The Current Operating Partnership owns, directly or indirectly, all of the properties that the Company has acquired. As of December 31, 2019, the Company owned approximately 87.7% of the OP Units of the Current Operating Partnership. As a result of the contribution of five properties to the Company and the Self Administration Transaction, the former sponsor and certain of its affiliates, including certain officers of the Company, owned approximately 10.6% of the OP Units of the Current Operating Partnership, including approximately 2.4 million units owned by the Company’s Executive Chairman and Chairman of the Board, Kevin A. Shields, as of December 31, 2019. The remaining approximately 1.7% OP Units are owned by unaffiliated third parties. 6,000 OP Units of the Current Operating Partnership have been redeemed during the years ended December 31, 2019 and 2018. The Current Operating Partnership may conduct certain activities through one or more of the Company’s taxable REIT subsidiaries, which are wholly-owned subsidiaries of the Current Operating Partnership.
Since November 9, 2009, the Company had issued 281,468,830 shares of common stock as of December 31, 2019. The Company has received aggregate gross offering proceeds of approximately $2.7 billion from the sale of shares in its various private offerings, public offerings, and DRP offerings (shares and gross offering proceeds include EA-1 amounts).
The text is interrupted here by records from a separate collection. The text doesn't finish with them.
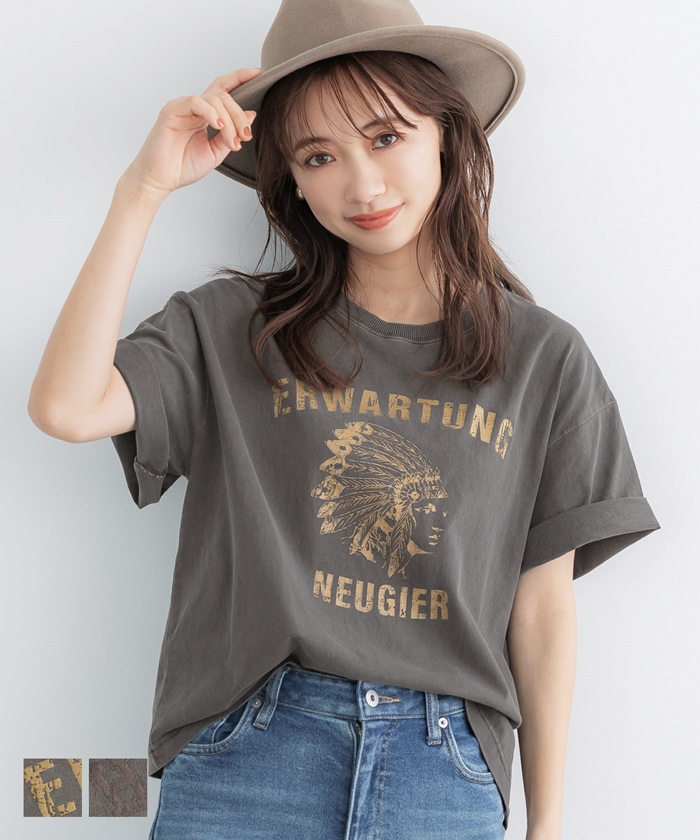 関税/送料込♪*ALAIA*コットン製 ロゴ クラシックTシャツ クラシックロゴTシャツ(カットソー・Tシャツ) | a.v.v(アー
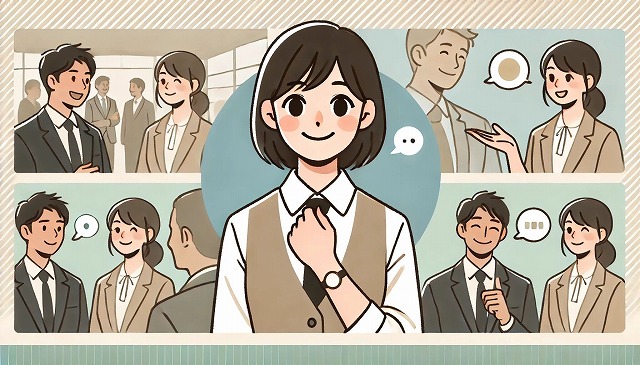 育ちが悪い話し方を直すコツと信頼される話し方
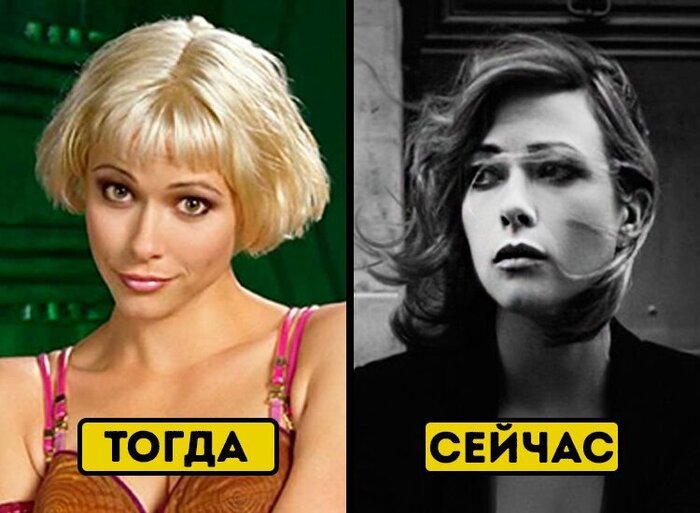 © Renaissance Pictures / Cleopatra 2525 © @JenniferSkyreal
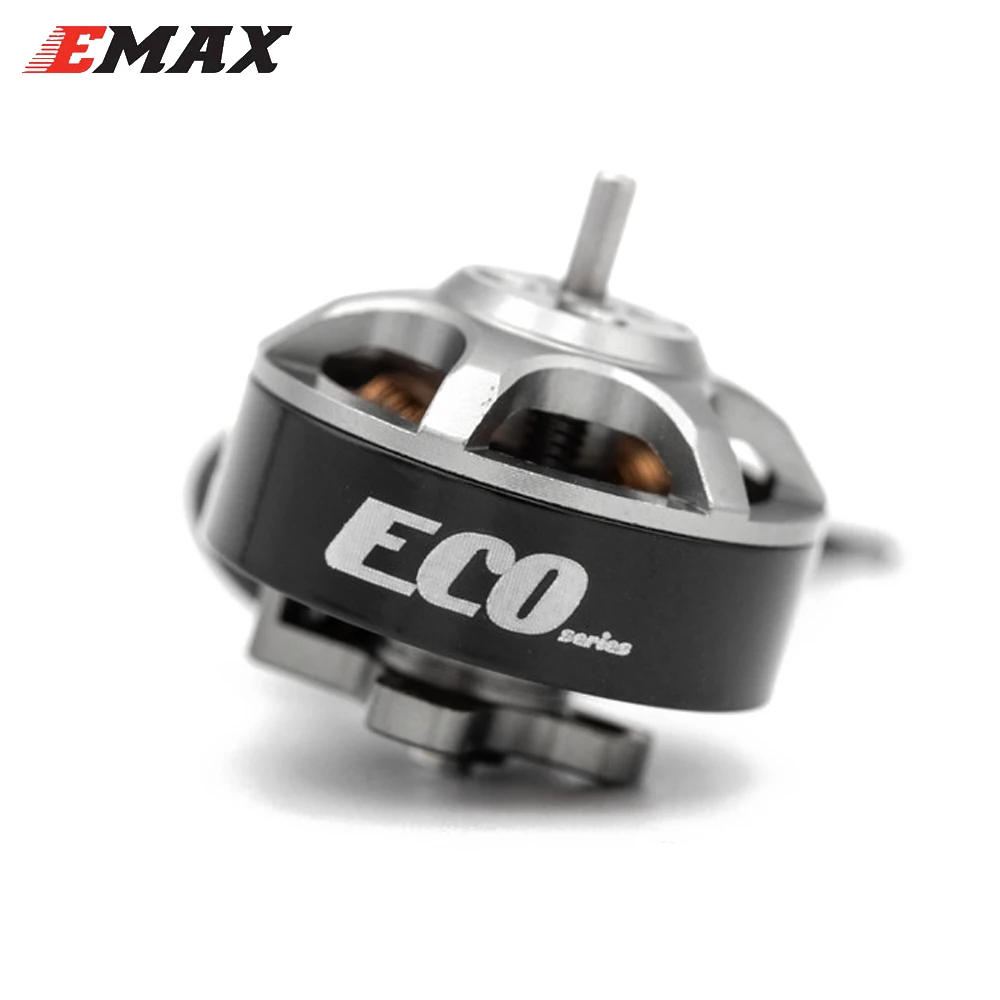 Emax Eco 1404 3700kv/6000kv 2 ~ 4S Cw Borstelloze Motor Voor Rc Fpv Racing Drone Quadcopter Vliegtuigen Aerobatic Accessoires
The Company also issued approximately 43,772,611 shares of its common stock upon the consummation of the merger of Signature Office REIT, Inc. in June 2015. There were 227,853,720 shares of common stock outstanding as of December 31, 2019, including shares issued pursuant to the DRP, less shares redeemed pursuant to the SRP and self-tender offer. As of December 31, 2019 and December 31, 2018, the Company had issued approximately $293.7 million and $252.8 million in shares pursuant to the DRP, respectively. As of December 31, 2019, 20.6 million subject to the Company's quarterly cap on aggregate redemptions are classified on the consolidated balance sheet as common stock subject to redemption.